Bereits in technischer Hinsicht fehlten bei Lilium die Grundvoraussetzungen. Die im Prototyp eingebaute Batterie konnte nicht genügend elektrische Energie für den Betrieb des Fluggeräts liefern. Die Firma verwies auf die Hoffnung, dass schon bald bessere Akkus verfügbar sein würden.
Hinzu kommt das laute Geräusch der Antriebsdüsen, die ein umweltverträgliches Starten und Landen mitten in städtischen Ballungsräumen verhindert hätten. Auf den jüngsten Lilium-Flugvideos ist das unangenehme Triebwerksgeräusch der Motoren deutlich zu hören. Hier hätte noch deutlich optimiert werden müssen, was mehr Zeit und Kapital erfordert hätte, als der Hersteller vorgesehen hatte.
Der Antrieb erweist sich als wenig praktikabel
Anders als bei anderen senkrecht startenden und landenden Fluggeräten mit Elektroantrieb ist der Antrieb bei Lilium mit vielen kleinen Düsen ausgelegt, die sich vertikal und horizontal ausrichten lassen.
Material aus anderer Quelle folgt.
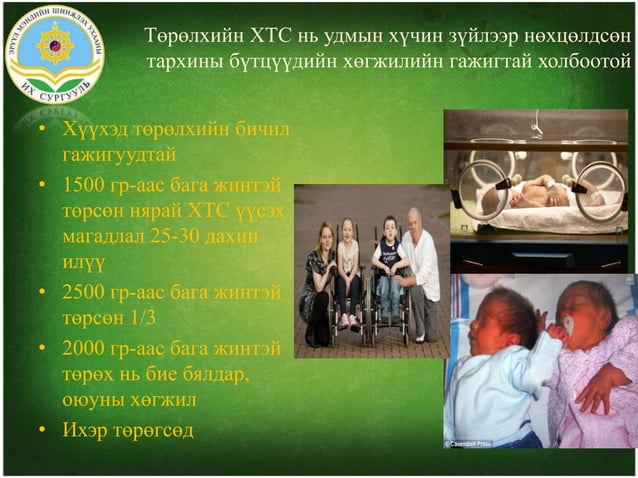 Хүүхдийн тархины саа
Andere Hersteller wie Volocopter setzen stattdessen auf kleine Helikopterrotoren, wie sie bei Drohnen üblich sind.
Am Boden nimmt die mobile Zukunft mit hochautomatisierten Fahrzeugen mittlerweile Fahrt auf. In verschiedenen Ballungsräumen Nordamerikas und Asiens sind Robotaxis bereits Realität. Warum also sollte eine rasche Einführung von Flugtaxis nicht ebenfalls vor der Tür stehen?
Es ist deutlich komplizierter in der Luft als am Boden – der Weg zur Flugzulassung ist für eVTOL deutlich beschwerlicher als bei Robotaxis auf der Strasse. Nur wenn das Fluggerät auch die offizielle Musterzulassung sowohl der Europäischen Agentur für Flugsicherheit (Easa) als auch der amerikanischen Flugsicherheitsbehörde FAA vorweisen kann, ist ein Flugbetrieb möglich.
Lilium konnte von einer derartigen Zulassung bisher nur träumen. Der kritische Übergangsflugzustand des Lilium-Jets, also das Schwenken der an den Tragflächen und sogenannten Canards befestigten zahlreichen Elektromotoren, um nach dem senkrechten Start in den Reiseflug zu gehen und vor der Landung aus diesem wieder zurück in den Schwebeflug zu kommen, ist mit grossen technischen und auch aerodynamischen Risiken behaftet.
Die Hersteller von Flugtaxis sollten ehrlicher kommunizieren und die kostspielige Wette auf die Zukunft transparenter machen. Investoren sollten skeptischer gegenüber solchen Utopien werden. Sonst dürften weitere Konkurse in der eVTOL-Branche folgen. Und damit verkommen die Start-ups zu Luftnummern und Bauernfängern.